The celebration in Manila has traditionally been a close collaboration between the National Book Development Board (NBDB) and the Intellectual Property Office (IPO) of the Philippines headed by Director General Ricardo R. Blancaflor. April 23 is known as the World Book and Copyright Day, to emphasize that publishing is a copyright-based industry. “We protect what you create” were Blancaflor’s reassuring words for authors and illustrators.


To lend further credence to those words were IPO’s official accreditation of the Filipinas Copyright Licensing Society headed by Alvin Buenaventura as the agency that can legally collect royalties for authors. Jose Maria Policarpio represented the Philippine Educational Publishers Association, which admittedly faces critical issues with the new curriculum plus the reminder that with the Asean community opening up in 2015, the educational industry will not be limited to Philippine publishers. And if textbooks and other materials adopted by schools were to come from Asean editions, we only have ourselves to blame.


Also present at the opening ceremonies at Bonifacio High Street in Taguig City was Lirio P. Sandoval, the longtime president of the Book Development Association of the Philippines (BDAP) and gratefully acknowledged as having institutionalized the annual and much-anticipated September Book Fair. Sandoval announced welcome news: A roadmap of the Philippine publishing industry has been spearheaded by the BDAP, for completion in November. There is a critical need for this roadmap, especially as it has become necessary to compete as an industry with the support of the Department of Trade and Industry.

The difficulty of gathering data for the industry again surfaced as the NBDB was preparing a state-of-the-industry update for the occasion. The available data are most inadequate. What is documented, though, are these 2012 statistics: $2.881 million worth of books were exported, while $61.493 million worth of books were imported into the market.
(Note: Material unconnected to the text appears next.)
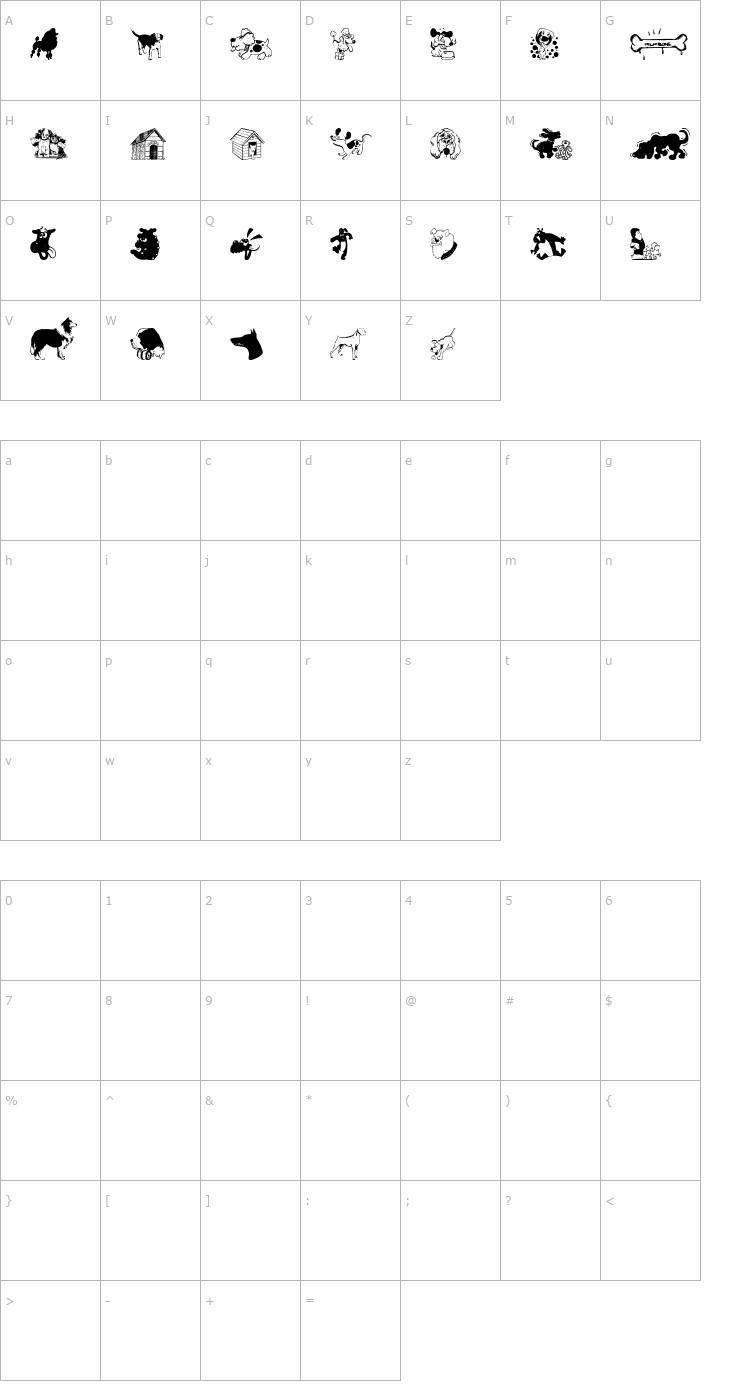 Character Map dog_csp Font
What these highlight is an enormous reading market still to be fully tapped.

What is lacking is information beyond the merely anecdotal on the current volume and domestic book sales of our publishers. How many titles can all our publishers put out in a year? How many books can we produce? How many books do we really sell? Which distribution channels are most effective? The whole industry needs to cooperate and agree to share information from which each stakeholder will benefit. For how do we begin a roadmap for the industry without such basic information?

Taguig Mayor Lani Cayetano was represented by her tourism officer Zaida Ignacio, who reminded the audience to think of the less privileged in the literacy efforts. The day’s book industry fair and program, opened by folk singer and musician Bayang Barrios, had a packed offering of creative performances, musical acts, workshops and seminars held at the High Street grounds and at Fully Booked—the ideal setting for conversations on the pressing issues confronting the industry. All thanks to the efforts of NBDB executive director Graciela M. Cayton and deputy executive director Camille V. Dela Rosa.

On the walkway, there were enough pleasant distractions with book displays and a book swap of ReaderCon, in association with Read Philippines, Flips Flipping Pages, Ex Libris, and Good Reads. National Library and Adarna House had a storytelling performance for 50 children from Barangay San Antonio in Pasig, with whom the NBDB has had a partnership courtesy of the unstinting support of Kagawad Emmanuel C. Medalla and Pauline L. Blando.

Lawyer Louie Calvario is the IPO’s copyright point person in charge of initiating copyright projects and providing advisory services to parties concerned. He led an animated discussion on creative content and copyright. University of the Philippines professor Carljoe Javier facilitated a session on comics, always a timeless and popular genre. Isagani R. Cruz, president of Manila Times College, former education undersecretary, and current NBDB governor, conducted his very popular workshop on “How to Write a Book,” a perennial blockbuster. And to honor Shakespeare on his 450th birthday, Bill Atwood had a “Will with Bill” lecture along with actress Carolyn Ann Manuel Atwood. Another “Shakespeare at 450” session was “Macbeth Over Easy,” with performances directed by Joachim Antonio, playwright and teacher of creative writing.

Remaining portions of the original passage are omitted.